The vulnerability of our huge structures and systems has a telling relationship to the style of our current war. We prosecute our invasion with overwhelming technologies of destruction. The explosions that rock Baghdad display power, wealth, and expertise beyond what the Iraqi people could have imagined. The troops advance in armored columns. The idea of all this is a display of consolidated force that Iraqis are supposed to gaze upon and despair.

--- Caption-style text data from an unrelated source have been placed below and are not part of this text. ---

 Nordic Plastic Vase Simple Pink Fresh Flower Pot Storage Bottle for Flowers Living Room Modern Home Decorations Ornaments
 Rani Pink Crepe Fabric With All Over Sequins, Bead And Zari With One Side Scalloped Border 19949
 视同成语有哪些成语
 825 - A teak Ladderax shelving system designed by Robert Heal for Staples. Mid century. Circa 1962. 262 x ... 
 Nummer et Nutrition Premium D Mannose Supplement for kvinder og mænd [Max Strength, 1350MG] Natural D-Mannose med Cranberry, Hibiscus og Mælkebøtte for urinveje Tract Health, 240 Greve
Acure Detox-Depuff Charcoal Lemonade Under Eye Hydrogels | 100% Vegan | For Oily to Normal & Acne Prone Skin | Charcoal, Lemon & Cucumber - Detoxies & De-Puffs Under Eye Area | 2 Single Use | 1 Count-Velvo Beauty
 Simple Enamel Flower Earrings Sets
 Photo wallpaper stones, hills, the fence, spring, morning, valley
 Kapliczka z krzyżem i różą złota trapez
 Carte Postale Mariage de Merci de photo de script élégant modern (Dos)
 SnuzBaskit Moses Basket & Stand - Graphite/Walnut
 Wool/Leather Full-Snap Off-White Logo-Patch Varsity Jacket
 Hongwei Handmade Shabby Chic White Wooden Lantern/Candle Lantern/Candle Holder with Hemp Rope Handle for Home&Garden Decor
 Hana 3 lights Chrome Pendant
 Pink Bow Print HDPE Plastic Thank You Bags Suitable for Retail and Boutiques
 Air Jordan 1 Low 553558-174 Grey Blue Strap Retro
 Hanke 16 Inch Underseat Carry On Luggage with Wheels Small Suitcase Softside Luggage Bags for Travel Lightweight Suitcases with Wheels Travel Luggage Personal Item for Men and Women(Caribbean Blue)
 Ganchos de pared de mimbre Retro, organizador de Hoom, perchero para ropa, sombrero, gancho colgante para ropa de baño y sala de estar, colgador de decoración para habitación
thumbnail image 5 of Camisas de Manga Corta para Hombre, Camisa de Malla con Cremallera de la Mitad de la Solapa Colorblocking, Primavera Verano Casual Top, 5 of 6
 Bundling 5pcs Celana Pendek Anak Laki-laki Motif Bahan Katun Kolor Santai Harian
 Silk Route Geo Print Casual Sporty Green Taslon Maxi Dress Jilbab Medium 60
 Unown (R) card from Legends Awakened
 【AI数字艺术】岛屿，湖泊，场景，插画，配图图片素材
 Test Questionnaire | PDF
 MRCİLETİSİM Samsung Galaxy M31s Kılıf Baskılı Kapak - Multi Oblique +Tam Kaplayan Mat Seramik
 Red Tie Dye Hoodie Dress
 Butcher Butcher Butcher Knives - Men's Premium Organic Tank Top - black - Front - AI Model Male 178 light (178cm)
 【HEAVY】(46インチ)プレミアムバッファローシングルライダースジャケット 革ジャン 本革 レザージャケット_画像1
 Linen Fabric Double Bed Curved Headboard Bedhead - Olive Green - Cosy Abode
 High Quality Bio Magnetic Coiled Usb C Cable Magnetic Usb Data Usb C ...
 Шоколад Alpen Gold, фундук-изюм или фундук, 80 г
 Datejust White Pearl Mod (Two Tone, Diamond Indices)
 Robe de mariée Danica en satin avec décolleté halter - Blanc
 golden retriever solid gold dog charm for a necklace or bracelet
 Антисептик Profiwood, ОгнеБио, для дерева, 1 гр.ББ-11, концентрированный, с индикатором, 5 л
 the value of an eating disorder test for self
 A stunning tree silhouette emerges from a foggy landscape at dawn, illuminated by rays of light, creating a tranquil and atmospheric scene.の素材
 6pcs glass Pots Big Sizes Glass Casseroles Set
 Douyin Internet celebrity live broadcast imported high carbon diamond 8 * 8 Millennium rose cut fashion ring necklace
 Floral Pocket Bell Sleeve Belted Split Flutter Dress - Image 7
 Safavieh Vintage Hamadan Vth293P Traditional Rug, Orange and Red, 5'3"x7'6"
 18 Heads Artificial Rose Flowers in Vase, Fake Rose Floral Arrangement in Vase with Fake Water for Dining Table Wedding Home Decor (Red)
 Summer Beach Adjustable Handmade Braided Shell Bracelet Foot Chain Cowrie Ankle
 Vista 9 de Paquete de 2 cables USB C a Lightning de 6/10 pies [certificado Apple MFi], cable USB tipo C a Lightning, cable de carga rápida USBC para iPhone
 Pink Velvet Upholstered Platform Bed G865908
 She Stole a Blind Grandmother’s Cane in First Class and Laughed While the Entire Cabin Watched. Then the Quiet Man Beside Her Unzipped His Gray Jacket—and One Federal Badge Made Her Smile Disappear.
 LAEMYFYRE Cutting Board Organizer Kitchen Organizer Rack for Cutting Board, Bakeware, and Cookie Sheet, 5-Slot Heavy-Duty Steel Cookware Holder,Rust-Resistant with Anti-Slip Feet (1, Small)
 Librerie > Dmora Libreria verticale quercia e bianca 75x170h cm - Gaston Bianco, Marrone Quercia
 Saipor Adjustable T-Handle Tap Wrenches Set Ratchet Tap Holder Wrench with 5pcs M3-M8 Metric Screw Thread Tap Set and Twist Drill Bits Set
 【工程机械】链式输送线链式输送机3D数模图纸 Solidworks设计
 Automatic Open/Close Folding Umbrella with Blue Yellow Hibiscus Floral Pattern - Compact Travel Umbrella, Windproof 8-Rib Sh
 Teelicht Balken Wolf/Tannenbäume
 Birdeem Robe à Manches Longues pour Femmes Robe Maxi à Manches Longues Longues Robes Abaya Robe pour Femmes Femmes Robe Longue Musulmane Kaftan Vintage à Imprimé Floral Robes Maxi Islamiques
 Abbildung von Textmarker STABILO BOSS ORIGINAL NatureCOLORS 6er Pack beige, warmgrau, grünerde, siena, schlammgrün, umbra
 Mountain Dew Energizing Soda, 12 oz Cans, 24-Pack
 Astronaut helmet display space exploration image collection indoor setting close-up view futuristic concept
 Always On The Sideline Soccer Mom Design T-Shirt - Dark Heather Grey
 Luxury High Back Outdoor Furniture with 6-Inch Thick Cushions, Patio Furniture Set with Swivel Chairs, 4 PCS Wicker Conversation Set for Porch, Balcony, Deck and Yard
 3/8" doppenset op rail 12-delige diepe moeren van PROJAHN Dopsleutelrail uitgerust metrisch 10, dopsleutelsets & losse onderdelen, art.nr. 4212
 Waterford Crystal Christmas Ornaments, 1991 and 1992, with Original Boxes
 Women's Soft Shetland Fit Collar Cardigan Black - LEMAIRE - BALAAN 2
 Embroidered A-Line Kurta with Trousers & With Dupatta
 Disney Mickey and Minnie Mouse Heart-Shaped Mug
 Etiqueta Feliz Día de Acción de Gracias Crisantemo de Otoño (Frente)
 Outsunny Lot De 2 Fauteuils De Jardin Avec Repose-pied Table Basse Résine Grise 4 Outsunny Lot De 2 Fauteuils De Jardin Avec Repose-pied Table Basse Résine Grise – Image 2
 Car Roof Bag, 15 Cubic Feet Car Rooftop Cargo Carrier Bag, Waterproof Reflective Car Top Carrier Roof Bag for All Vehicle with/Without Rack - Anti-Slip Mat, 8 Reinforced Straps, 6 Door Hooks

If you are responding to such a force, you can confront it directly and face destruction. Obviously, you're likelier to be much more effective with hit-and-run guerilla attacks that take advantage of your knowledge of the terrain and the people, your light armaments, your extreme mobility, your ability to improvise. Our gigantic force is obvious; it's slow; it has an elaborate command structure; it depends on supply lines, awaits orders and follows procedures; it's overwhelmingly powerful, but it's also stuck.

As huge, wealthy bureaucracies instigate war abroad and tighten security at home, it becomes more and more obvious every day that our size and our power are incompatible with our own liberty and the liberty of everyone else. That is why the traditionally American rhetoric of the administration ("Operation Iraqi Freedom," "they hate our freedom") sounds so deeply false or even sarcastic.

In the true and fundamental conflict of our own desires between power and freedom, I wonder which we will choose.